▸ Task to complete
The whole listing is to be given again without alteration, except that its pictures are dropped.

▸ Supplied information
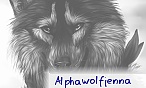 alphawolfjenna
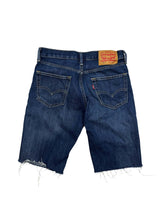 Levis Shorts (S)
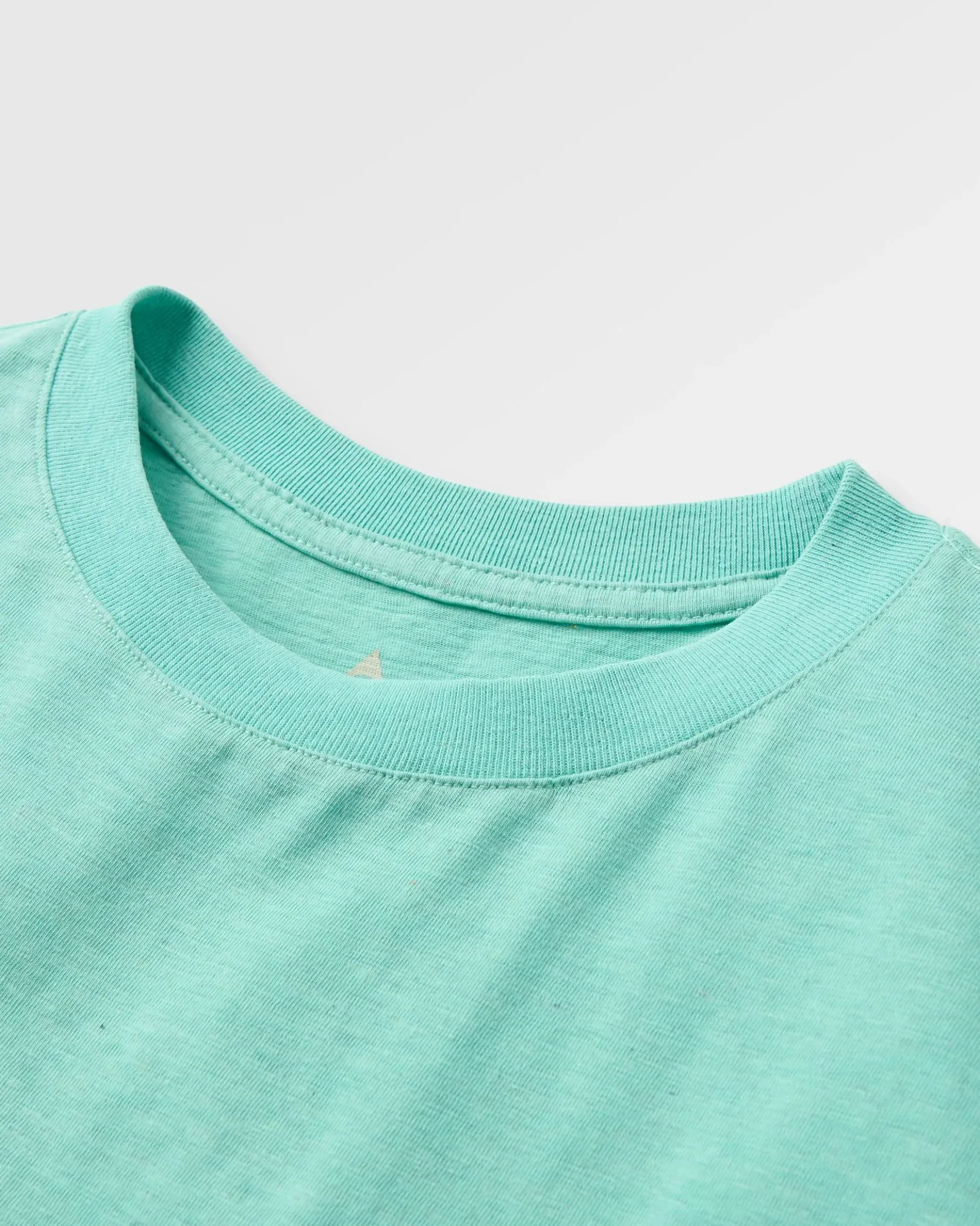 Dune Herren-T-Shirt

▸ Answer to the exercise
 alphawolfjenna
 Levis Shorts (S)
 Dune Herren-T-Shirt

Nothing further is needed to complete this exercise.